--- BRIEF ---
From the records below, extract only the lines running from the line with "TV-ELEMENT - Dunkelbraun/Schwarz, Trend, Holzwerkstoff" to the line with "Louis Vuitton Epi", both lines included, reproducing them exactly.

[DATASET EXTRACT Boundary: Start]

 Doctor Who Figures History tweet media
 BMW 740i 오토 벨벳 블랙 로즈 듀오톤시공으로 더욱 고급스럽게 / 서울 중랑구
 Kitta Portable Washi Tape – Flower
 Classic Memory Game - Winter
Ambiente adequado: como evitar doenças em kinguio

[DATASET EXTRACT Boundary: End]
[DATASET EXTRACT Boundary: Start]

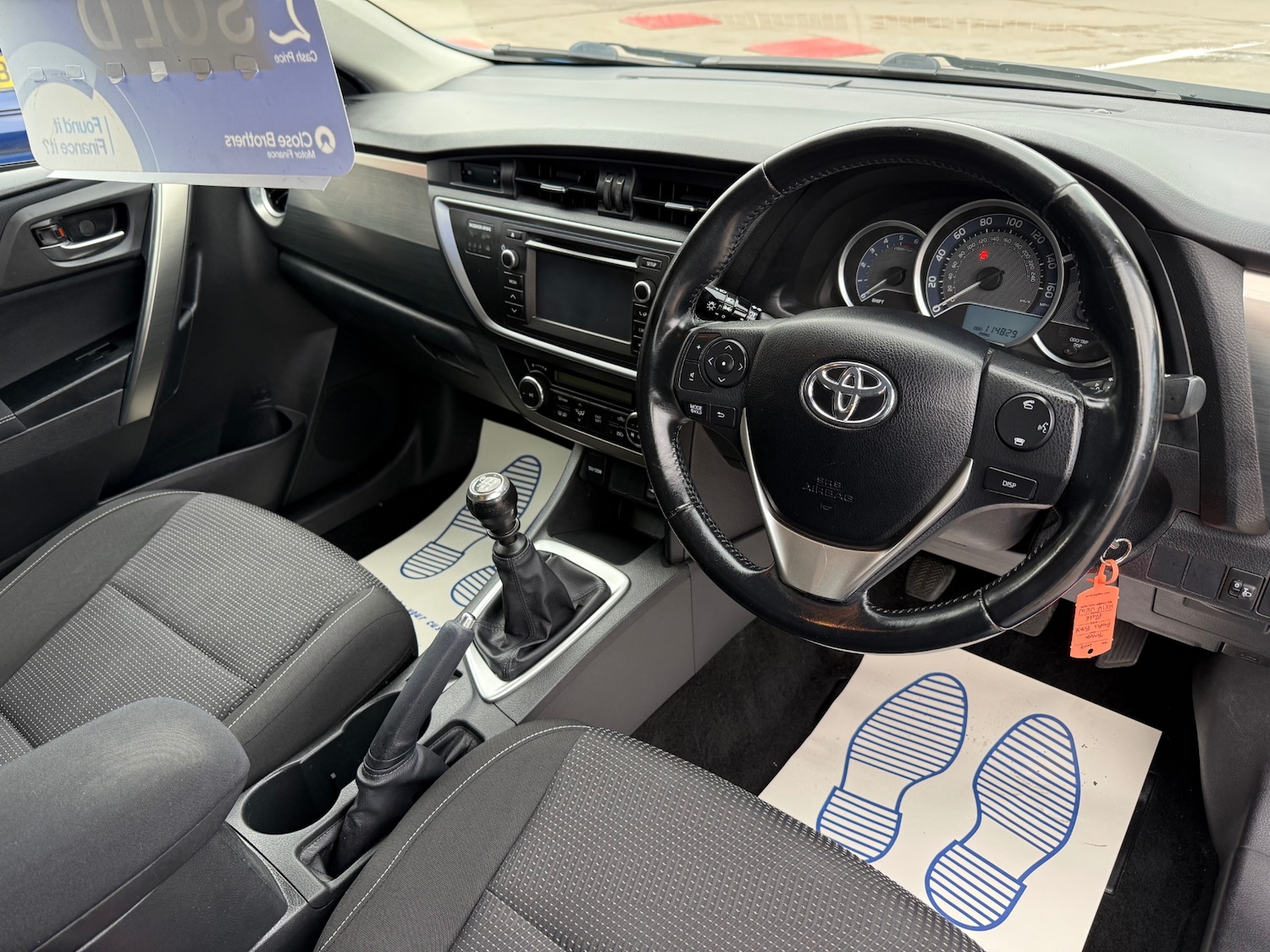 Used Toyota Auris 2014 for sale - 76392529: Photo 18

[DATASET EXTRACT Boundary: End]
[DATASET EXTRACT Boundary: Start]

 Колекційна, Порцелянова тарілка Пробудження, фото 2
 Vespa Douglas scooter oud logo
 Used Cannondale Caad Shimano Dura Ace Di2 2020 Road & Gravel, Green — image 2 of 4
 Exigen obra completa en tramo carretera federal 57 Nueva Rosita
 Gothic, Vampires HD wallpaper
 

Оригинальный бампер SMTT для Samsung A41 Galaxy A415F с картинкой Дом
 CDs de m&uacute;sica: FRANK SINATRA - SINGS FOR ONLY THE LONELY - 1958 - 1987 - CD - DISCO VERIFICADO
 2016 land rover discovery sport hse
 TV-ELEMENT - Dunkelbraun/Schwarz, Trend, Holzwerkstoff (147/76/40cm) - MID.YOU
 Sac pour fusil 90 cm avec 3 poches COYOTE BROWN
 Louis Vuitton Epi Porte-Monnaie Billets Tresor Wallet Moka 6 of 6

[DATASET EXTRACT Boundary: End]

--- EXERCISE RESULT ---
 TV-ELEMENT - Dunkelbraun/Schwarz, Trend, Holzwerkstoff (147/76/40cm) - MID.YOU
 Sac pour fusil 90 cm avec 3 poches COYOTE BROWN
 Louis Vuitton Epi Porte-Monnaie Billets Tresor Wallet Moka 6 of 6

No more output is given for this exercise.